The reanimation of expansionary austerity represents zombie economics at its worst. Having failed utterly to deliver the promised benefits, the financial and political elite raised to power by market liberalism has pushed ahead with even greater intensity. In the wake of a crisis caused entirely by financial markets and the central banks and regulators that were supposed to control them, the burden of fixing the problem has been placed on ordinary workers, public services, the old, and the sick.
With their main theoretical claims, such as the Efficient Markets Hypothesis and Real Business Cycle in ruins, the advocates of market liberalism have fallen back on long-exploded claims, backed by shoddy research. Yet, in the absence of a coherent alternative, the policy program of expansionary austerity is being implemented, with disastrous results. (pp. 229-32, emphasis mine).
As for Alesina and Ardagna, the two economists responsible for contemporary expansionary austerity, Quiggin shows how their research was seriously flawed, giving some of their biggest factual mistakes and accuracies on pages 225 and 226.
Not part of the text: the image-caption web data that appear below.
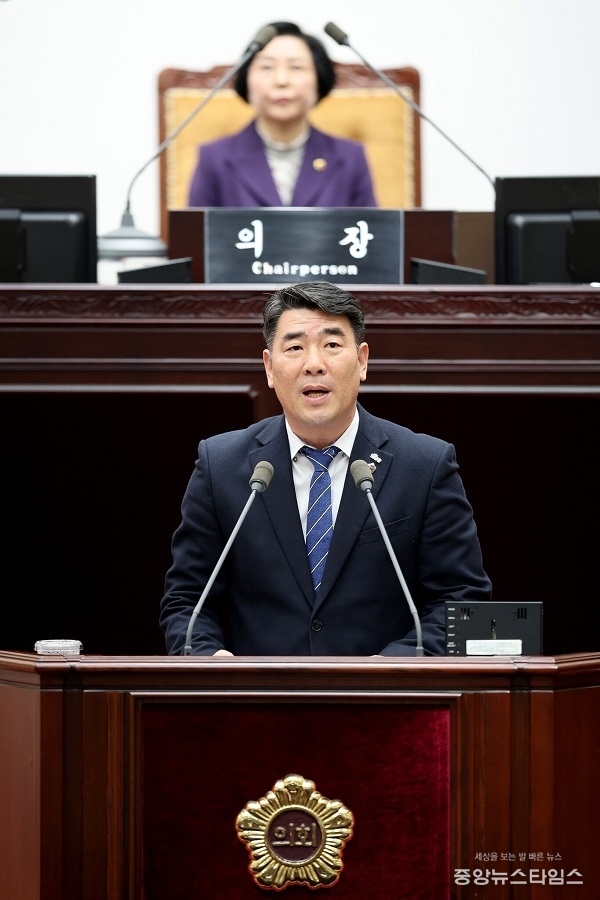 인천시의회 김명주 의원 제301회 인천시의회 임시회 제3차 본회의 시정질의 모습.(사진=인천시의회)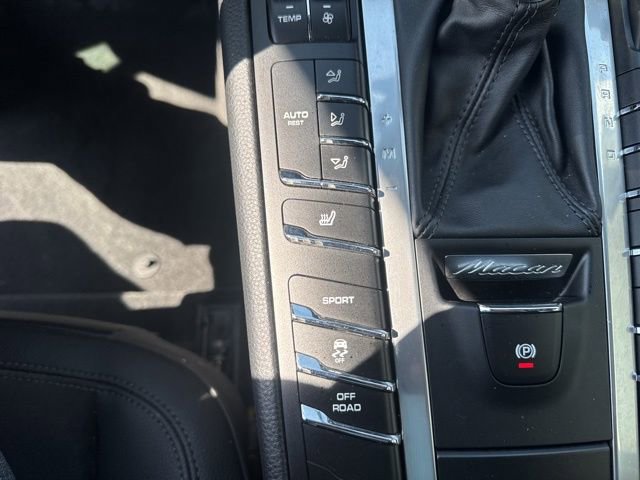 Used 2021 Porsche Macan image 19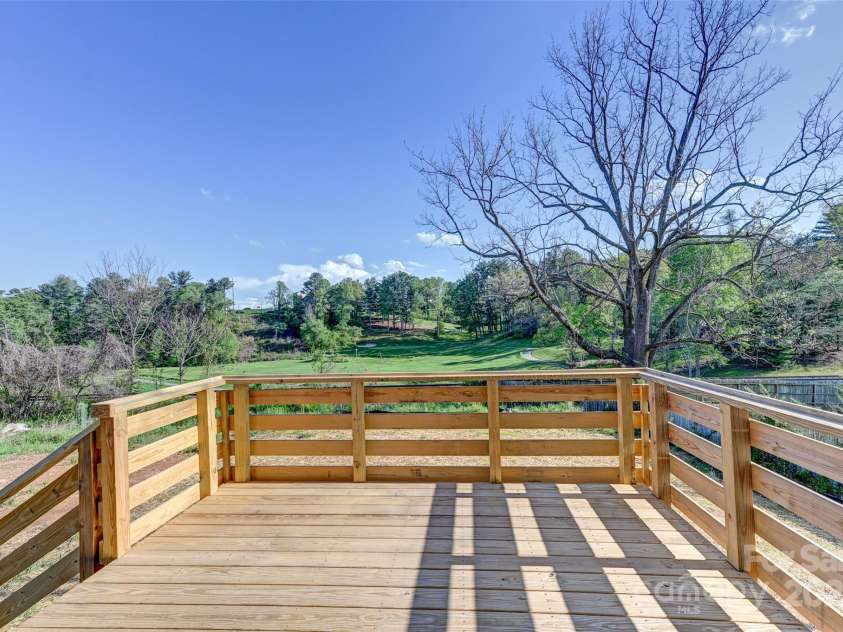 338 Emma Road, Asheville, NC 28806.  MLS# CAR4251903, YatesRealty ID 15424. Golf Course Views to Crown Plaza out the back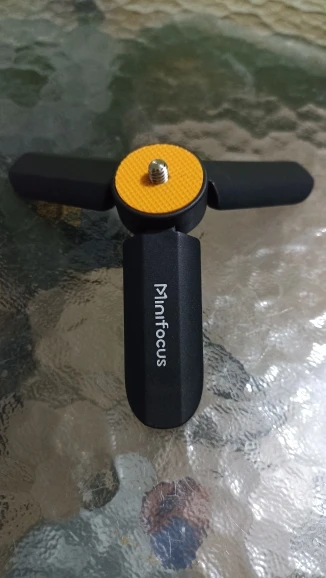 Portable Mini Table Tripod Stand Desk Tripod with photo review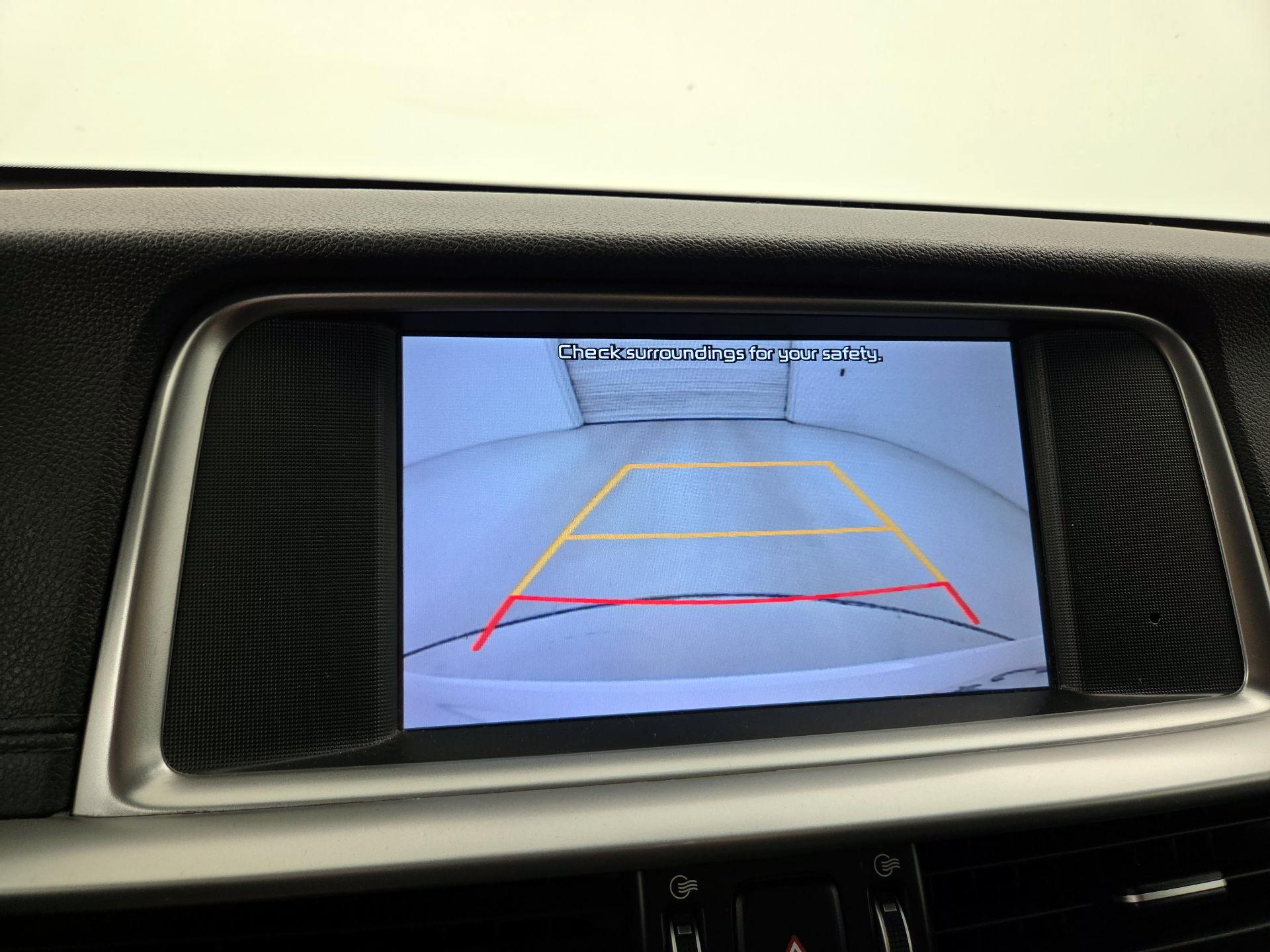 Thumbnail: 2019 Kia Optima - 14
Earlier in the chapter he discusses the reasons why Keynes was ignored in the decades before the Second World War. The British treasury was terrified that adoption of government intervention in some areas would lead to further interventions in others. He also quotes the Polish economist, Michal Kalecki, who stated that market liberals were afraid of Keynsianism because it allowed governments to ignore the financial sector and empowered working people. He writes
Underlying the Treasury’s opposition to fiscal stimulus, however, was a fear, entirely justified in terms of the consequences for market liberal ideology, that a successful interventionist macroeconomic policy would pave the way for intervening in other areas and for the end of the liberal economic order based on the gold standard, unregulated financial markets, and a minimal state.
As the great Polish economist Michal Kalecki observed in 1943, market liberal fear the success of stimulatory fiscal policy more than its failure. If governments can maintain full employment through appropriate macroeconomic policies, they no longer need to worry about “business confidence” and can undertake policies without regard to the fluctuations of the financial markets. Moreover, workers cannot be kept in line if they are confident they can always find a new job. As far as the advocates of austerity are concerned, chronic, or at least periodic, high unemployment is a necessary part of a liberal economic order.
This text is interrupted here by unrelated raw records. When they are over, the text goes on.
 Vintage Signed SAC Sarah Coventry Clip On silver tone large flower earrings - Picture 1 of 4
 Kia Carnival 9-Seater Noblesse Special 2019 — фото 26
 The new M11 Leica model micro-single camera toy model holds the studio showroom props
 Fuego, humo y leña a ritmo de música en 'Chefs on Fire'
The fears of the Treasury were to be realized in the decades after 1945, when the combination of full employment and Keynsian macro-economic management provided support for the expansion of the welfare state, right control of the financial sector, and extensive government intervention in the economy, which produced the most broadly distributed prosperity of any period in economic history. (p. 14).
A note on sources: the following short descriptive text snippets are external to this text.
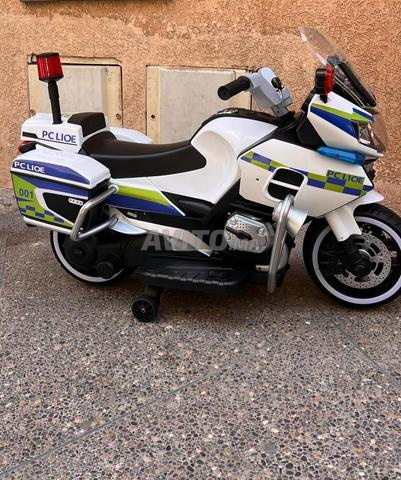 Moteur police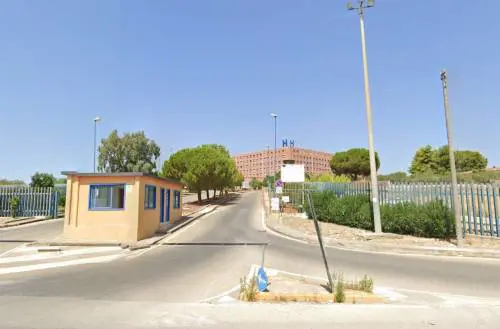 Il marito le getta addosso dell'acido durante un agguato in casa: donna in ospedale ad Agrigento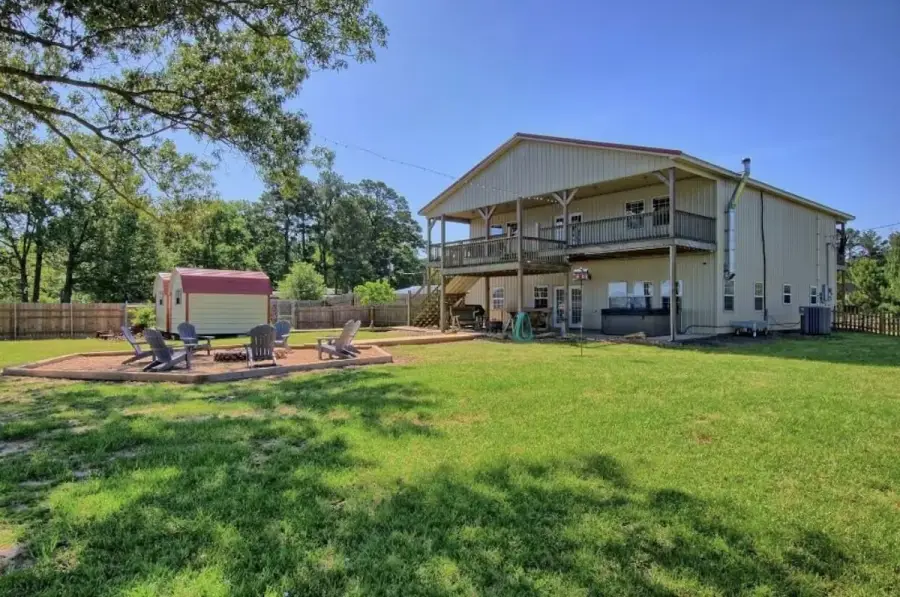 Another view of back side of Barndominium. Another view of back side of Barndominium.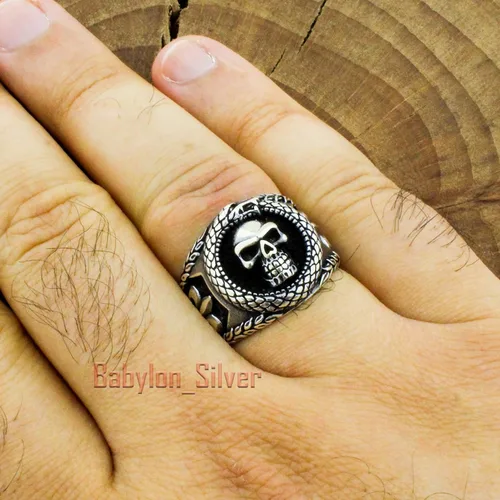 Vista 4 de Anillo de plata de ley 925 maciza estilo retro gótico con calavera de motociclista turca para hombre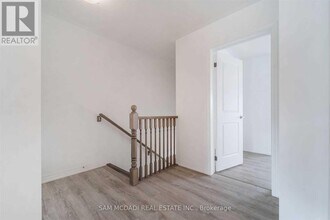 70 Huguenot Rd in Oakville, ON - Building Photo - Building Photo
So the welfare state is being dismantled, the health service privatized and a high unemployment and mass poverty created simply to maintain the importance and power of the financial sector and private industry, and create a cowed workforce for industry. As an economic theory, austerity is thoroughly discredited, but is maintained as it was not by a right-wing media and political establishment. Robin Ramsay, the editor of Lobster, said in one of his columns that when he studied economics in the 1970s, monetarism was so discredited that it was regarded as a joke by his lecturers. He then suggested that the reason it was supported and implemented by Thatcher and her successors was simply because it offered a pretext for their real aims: to attack state intervention and the welfare state. It looks like he was right.